I have no doubt that there is cause for anger, and for us to heed what our country's foreign prescence and actions may have contributed or instigated in the lives of many who also happen to be Muslim. But there are countless more Muslims, who, while they may identify with certain resentful feelings toward the West and America in particular, they feel even more resentment at the idea that their faith sanctions any such extreme and violent reactions.
I hate the prescence of circumstances in the world where the sense of injustice and the experience of oppression causes such psychotic breaks, where people latch on to such fanatical apocalyptic hope and allow themselves to be ultimately deceived. God knows, these guys are not the first ones to claim the leadership of God for their perceived mission. Such blasphemous work has been done throughout Judea-Christian history, including much of it as recorded in the Christian scriptures.
I feel the hesitancy expressed to me by a clergy friend of mine, who worries that any criticism he may want to level (at some of the reactions of the military over the past few days) might be associated with some form of tacit support of the terrorism. But I also know that we cannot fully condemn the evil done if we are to begin to find ourselves complicit in the act of sacraficing innocent civilians to our campaign against terrorism. And how seriously can the Afghan muslims and neighboring Muslim states take the words "This is not a war against the Afghan people or against Islam", if civilian casulaties continue to mount, and "accidents" continue to happen?

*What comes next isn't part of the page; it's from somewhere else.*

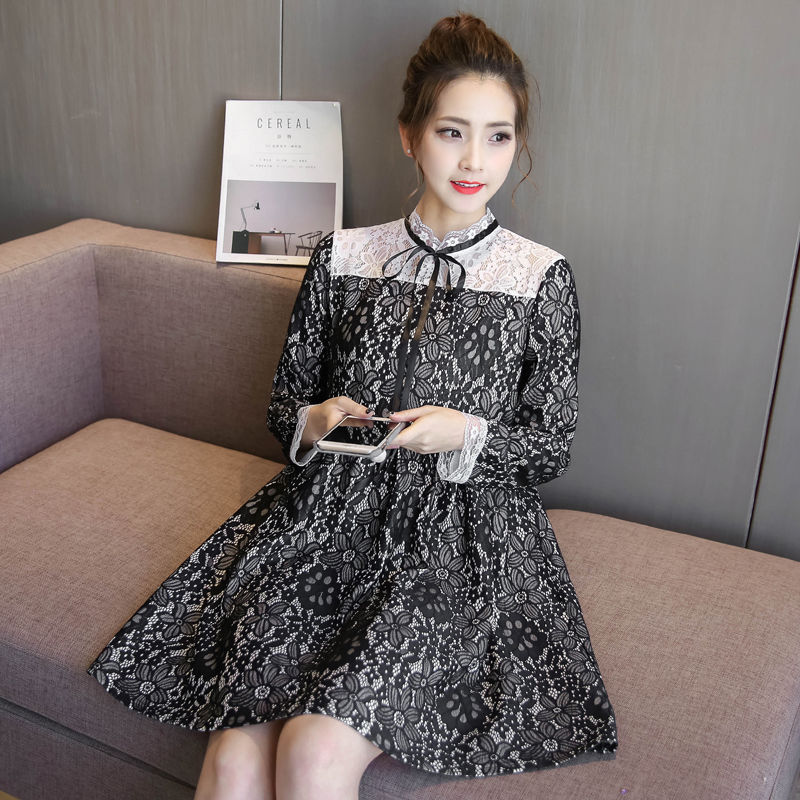 母爱真伟大，出门哺乳不尴尬，学学下面辣妈这样穿，洋气不走光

I recently heard a co-worker assert that these acts were not without "Koran" justification. He asked me if I had ever read the Koran. I have heard only select quotations (kind of like how Ben Laden seems to only know select passages). This co-worker asserted "It's in there". I retorted, the OLd Testament has the same kind of stuff. He retorted that Christians have the "New Covenant", and I retorted that Muslims have "over-riding" principles of love and compassion as well , like "If you kill one soul, you kill the whole of humanity, and if you save one soul, you save all of humanity". He couldn't grasp the principle. He was unwilling to grant to Islam the things we automatically are prepared to do for our native faith: to view certain "questionable inpirations" as "under a higher principle", that put forth by Jesus. I often describe it as "theological evolution"; that in our Christian scriptures we have a story of the people of God, which is the story of their "history with God", which includes a growth process from the beginnings with Abraham discovering God as a monotheistic God (in stark contrast to the "faiths" of the Middle East region of their day), to the life of Jesus and his teachings, to the meeting of East and West in the days of Greco-Roman culture and the "missions to the Gentile world".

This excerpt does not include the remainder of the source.